Short descriptive text snippets -
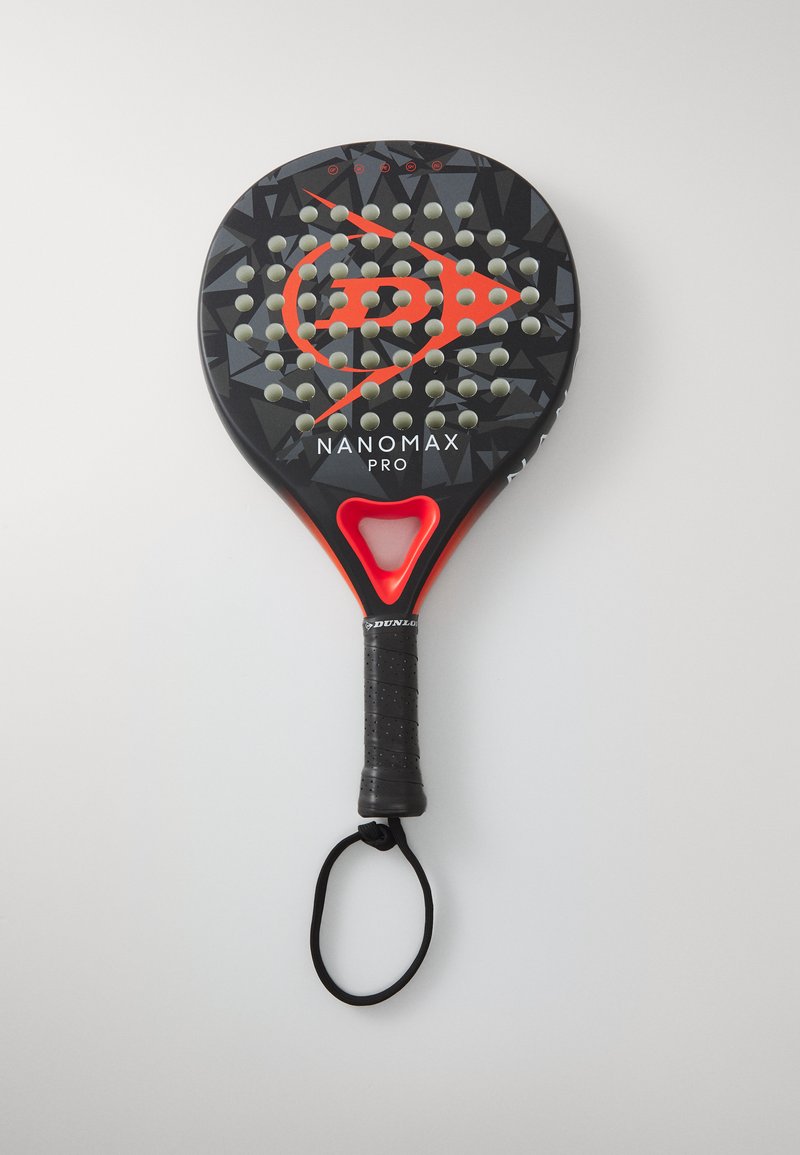 Schwarze und rote Padel-Schläger mit strukturiertem Griff, Diamantmuster am Kopf und kreisförmigem Saitenmuster; mit "NANOMAX PRO" Branding.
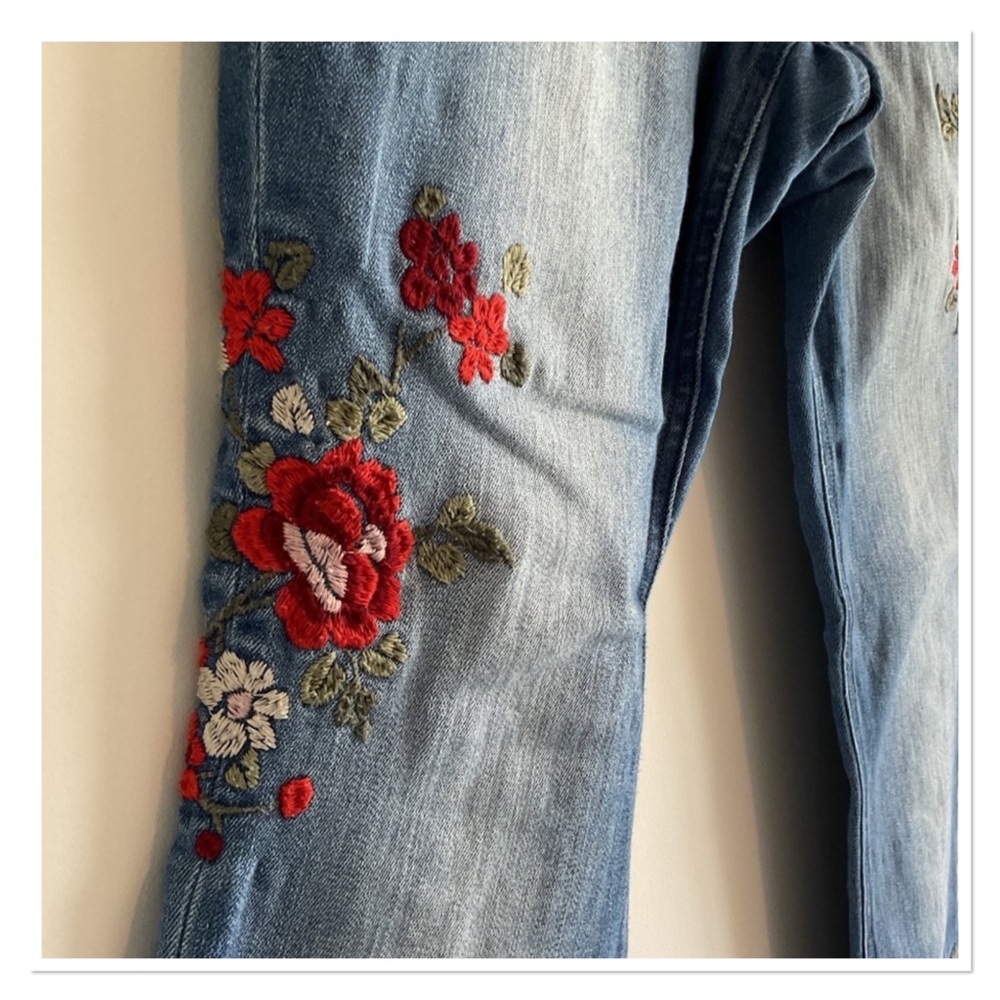 Express Embroidered Jeans - Picture 4 of 6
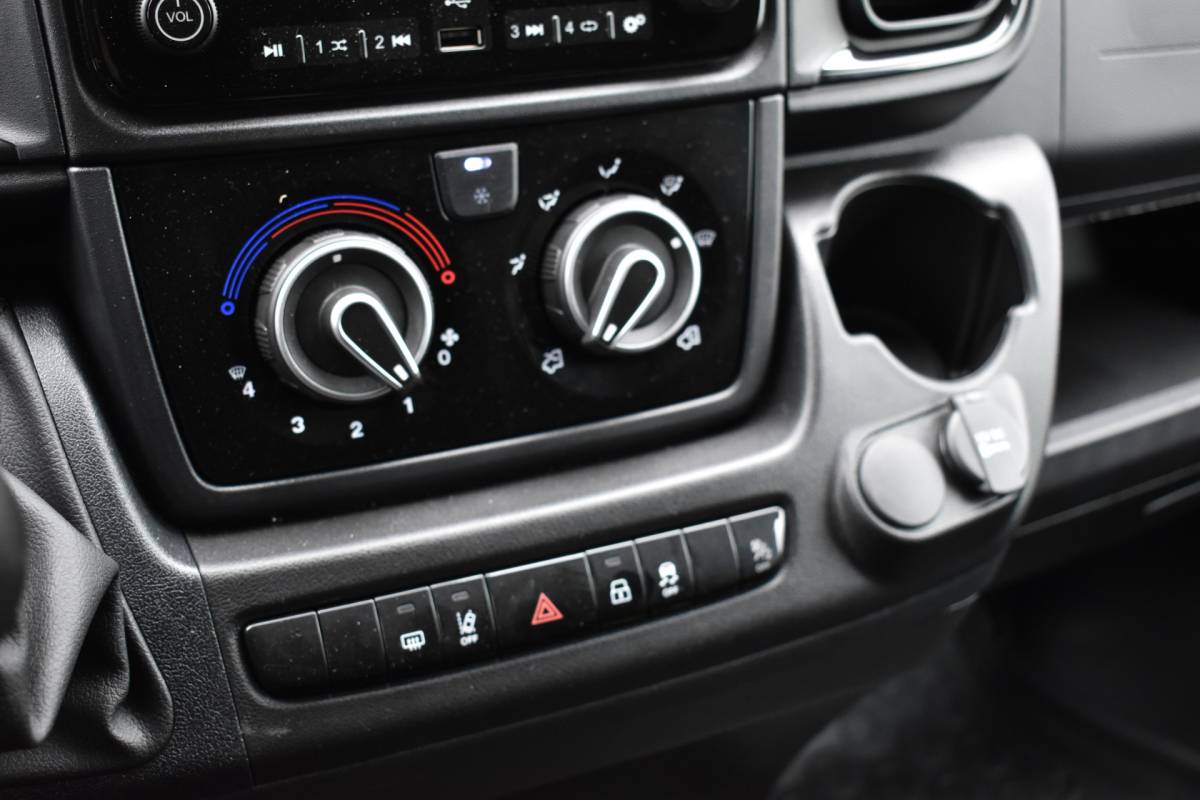 Peugeot Boxer Peugeot Boxer 2.2 BlueHDi 140 S&S L2H2 3.3t Euro 6 Nieuwe registratie 2024/ GEEN BPM/ L2H2/ achteruitrijcamera verzwaard verenpakket, pakket City plus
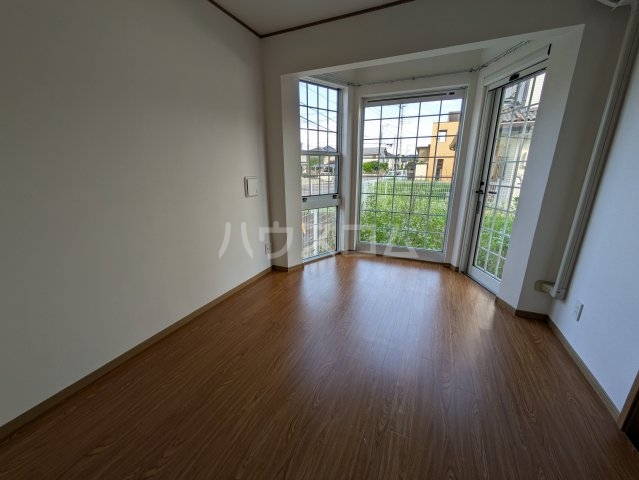 16/23 バルコニー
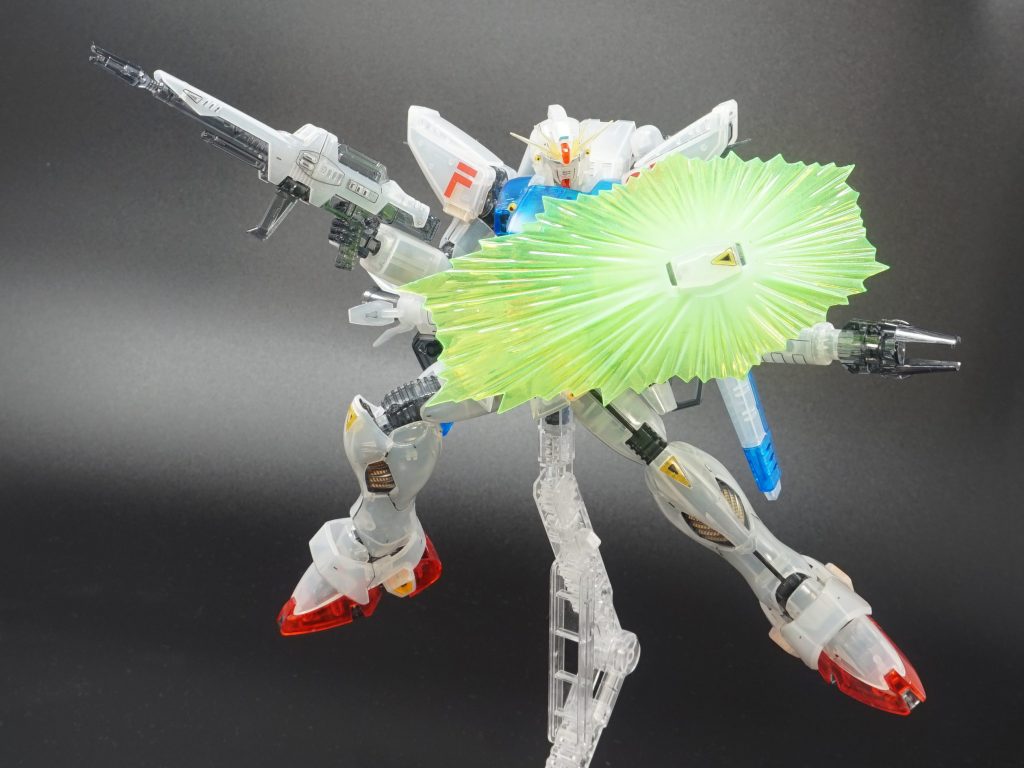 ビームシールドやビームサーベルは発振部を白く塗っています。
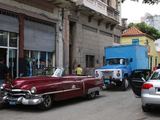 A.Narkevič nuotr./Kuboje maišosi ir seni antikvariniai amerikiečių atumobiliai, ir rusiški, ir nauji europietiški 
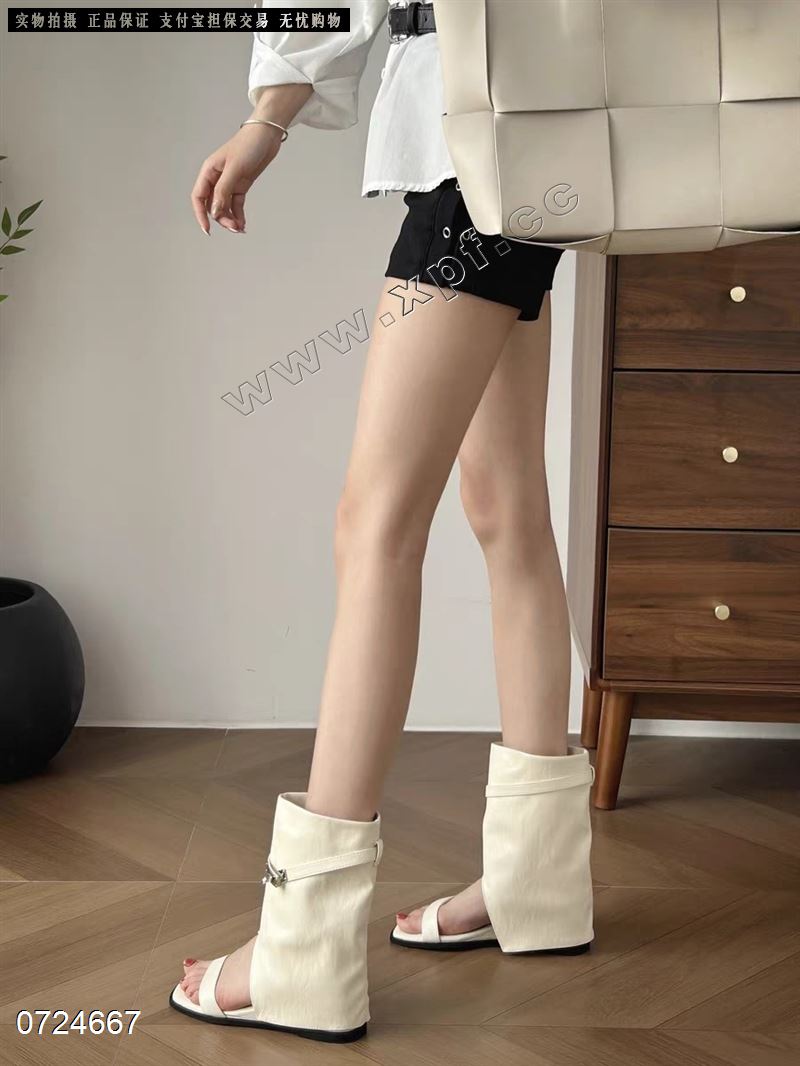 M998时尚凉靴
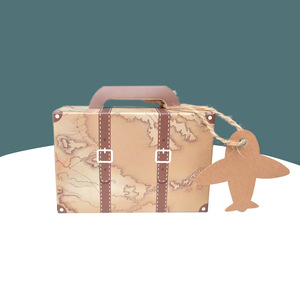 Piccola valigia scatola di carta caramella con manico a forma di valigia confezione regalo per piccole imprese - Product Image 5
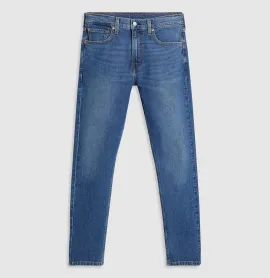 loading="lazy"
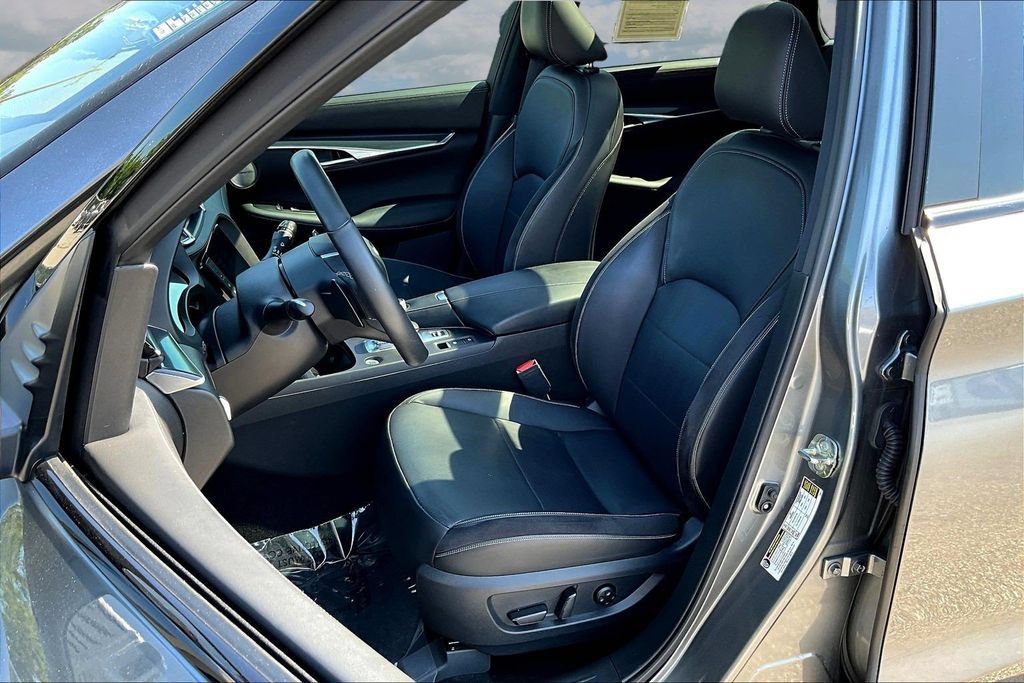 Used 2024 INFINITI QX50 Sport AWD/4WD image 23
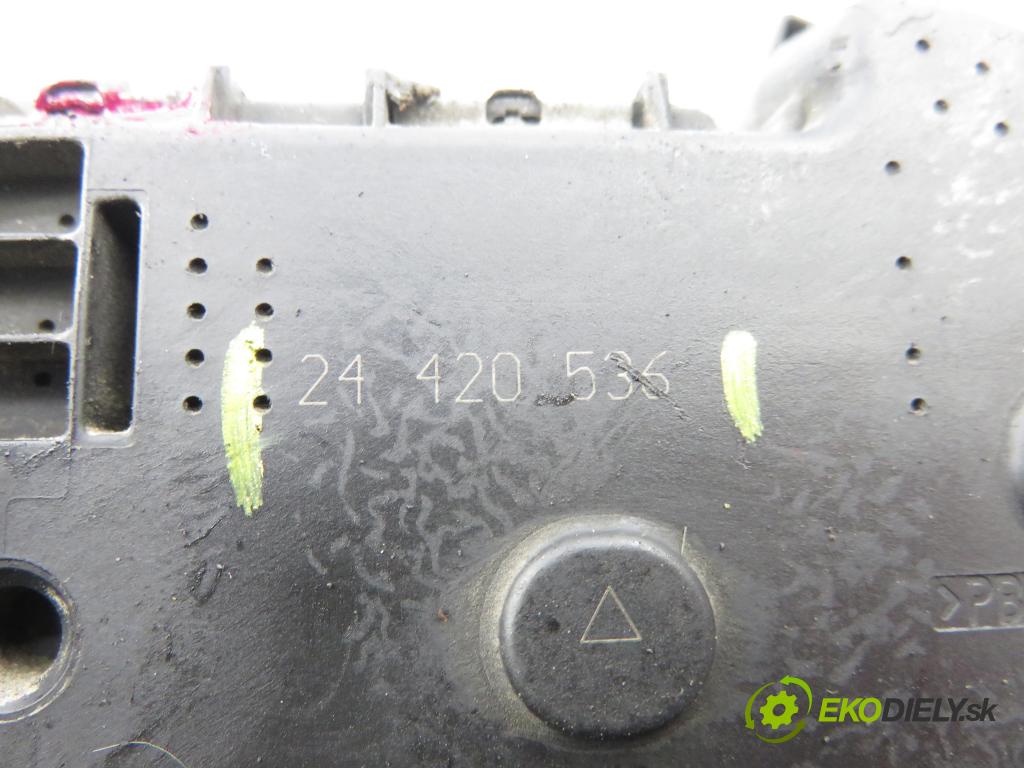 OPEL MERIVA A nadwozie wielkoprzestrzenne (MPV) (X03) MINIVAN 2009 66,00 1.4 16V Twinport - Z 14 XEP 1364,00 Škrtiaca klapka 24420536 ; 0280750133 (Škrtiaca klapka)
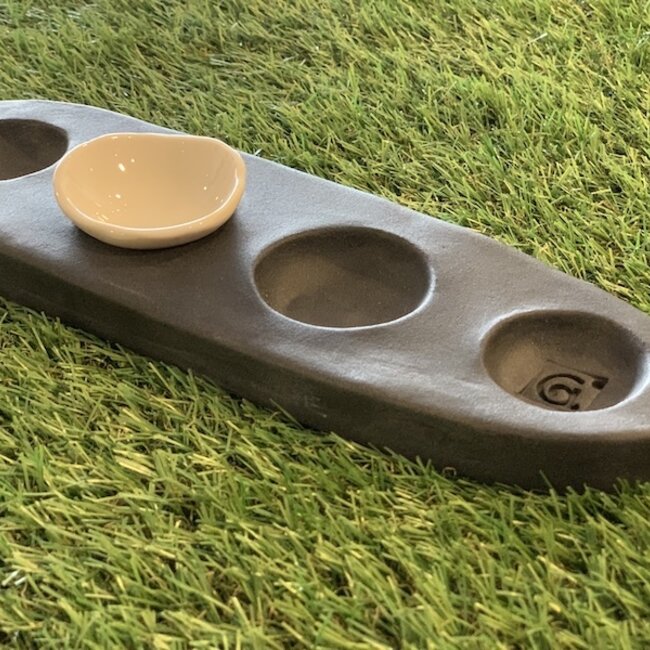 Une façon originale de présenter du sel, du poivre, de l'huile et du beurre sur votre table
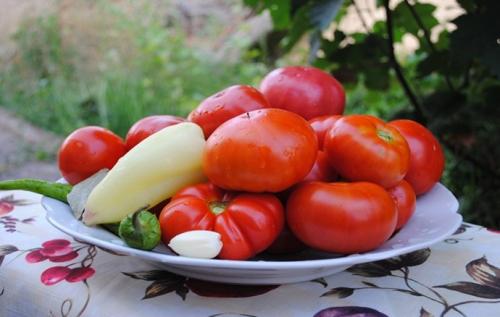 Сладкие помидоры с петрушкой на зиму. Сладкие помидоры с очень вкусным рассолом на зиму. Рецепты на трехлитровую и литровую банки
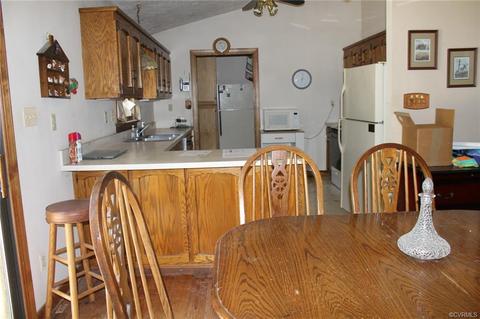 209 Johnsons Mill Ln, Bumpass, VA 23024 photo 32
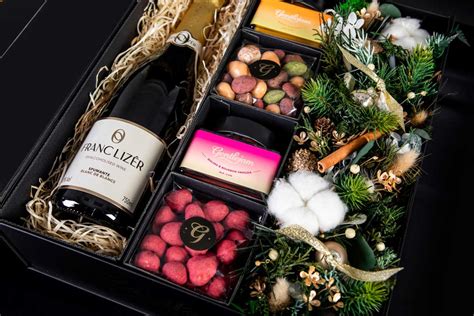 štýlový darčekový box s rôznymi dobrotami a nápojmi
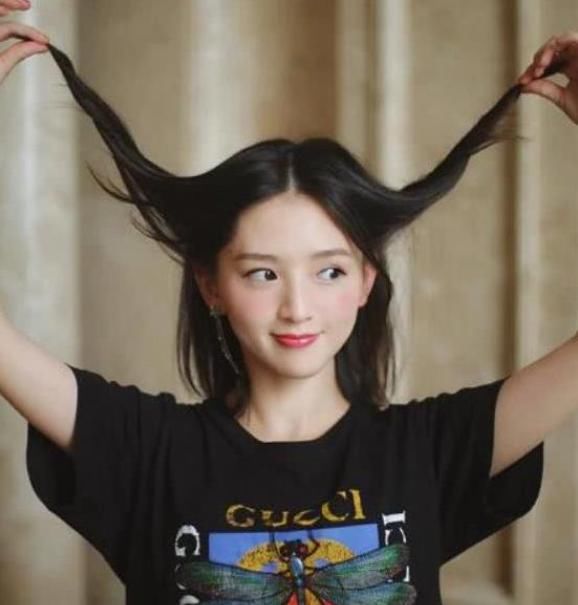  [悄悄]女生洗完头后，坚持做到这“3点”，头发悄悄顺滑，发量也变多了！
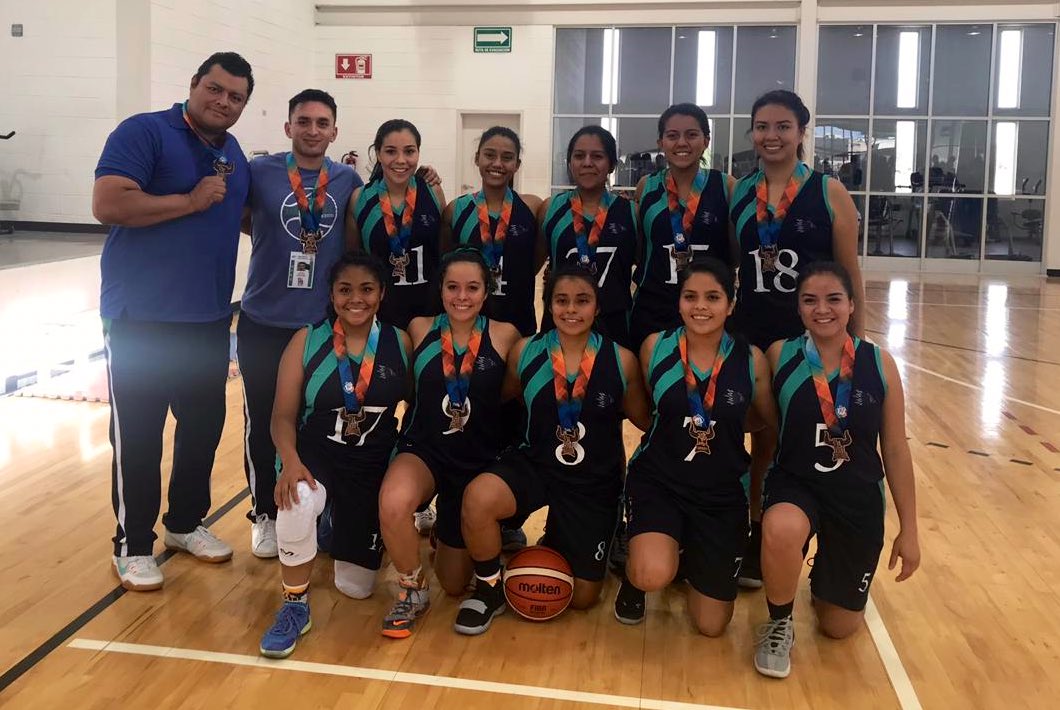 utezoficial's tweet photo. El selectivo de baloncesto femenil #HalconesUTEZ se queda con la presea del tercer lugar 🥉 tras derrotar a su similar de la universidad tecnológica de León por marcador de 66 - 59 ¡ Felicidades ! https://t.co/IzQSnYDgEV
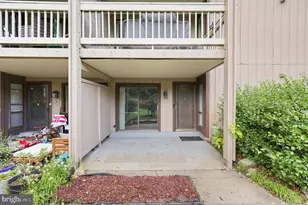 5803 Royal Ridge Dr, Springfield, VA 22152 - Photo 4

Task - Do not copy pictures. Restate exactly the lines from the one containing "Сладкие помидоры с петрушкой" through the last line of the records.

Solution -
 Сладкие помидоры с петрушкой на зиму. Сладкие помидоры с очень вкусным рассолом на зиму. Рецепты на трехлитровую и литровую банки
 209 Johnsons Mill Ln, Bumpass, VA 23024 photo 32
 štýlový darčekový box s rôznymi dobrotami a nápojmi
  [悄悄]女生洗完头后，坚持做到这“3点”，头发悄悄顺滑，发量也变多了！
 utezoficial's tweet photo. El selectivo de baloncesto femenil #HalconesUTEZ se queda con la presea del tercer lugar 🥉 tras derrotar a su similar de la universidad tecnológica de León por marcador de 66 - 59 ¡ Felicidades ! https://t.co/IzQSnYDgEV
 5803 Royal Ridge Dr, Springfield, VA 22152 - Photo 4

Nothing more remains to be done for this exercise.